**WHAT IS NEEDED:**
For the entries below, repeat exactly each line starting with the one that contains "You could alternatively" and going on through the one that contains "Go to the App", and no others.

**PROVIDED INFORMATION:**
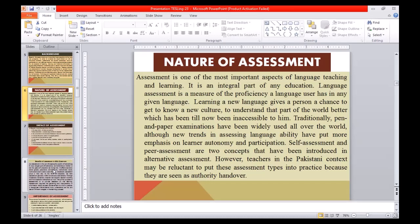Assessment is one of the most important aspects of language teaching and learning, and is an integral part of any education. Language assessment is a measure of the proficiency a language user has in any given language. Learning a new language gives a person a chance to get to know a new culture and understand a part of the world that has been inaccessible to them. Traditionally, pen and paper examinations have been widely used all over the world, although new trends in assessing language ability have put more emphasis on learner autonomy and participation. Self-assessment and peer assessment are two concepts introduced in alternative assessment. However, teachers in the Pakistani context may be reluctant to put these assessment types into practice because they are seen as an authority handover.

--

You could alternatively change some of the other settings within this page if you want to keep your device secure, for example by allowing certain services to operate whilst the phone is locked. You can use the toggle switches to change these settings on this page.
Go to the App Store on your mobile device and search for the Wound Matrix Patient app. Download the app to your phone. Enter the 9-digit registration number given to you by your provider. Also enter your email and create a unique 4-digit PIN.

**ANSWER TO THE EXERCISE:**
You could alternatively change some of the other settings within this page if you want to keep your device secure, for example by allowing certain services to operate whilst the phone is locked. You can use the toggle switches to change these settings on this page.
Go to the App Store on your mobile device and search for the Wound Matrix Patient app. Download the app to your phone. Enter the 9-digit registration number given to you by your provider. Also enter your email and create a unique 4-digit PIN.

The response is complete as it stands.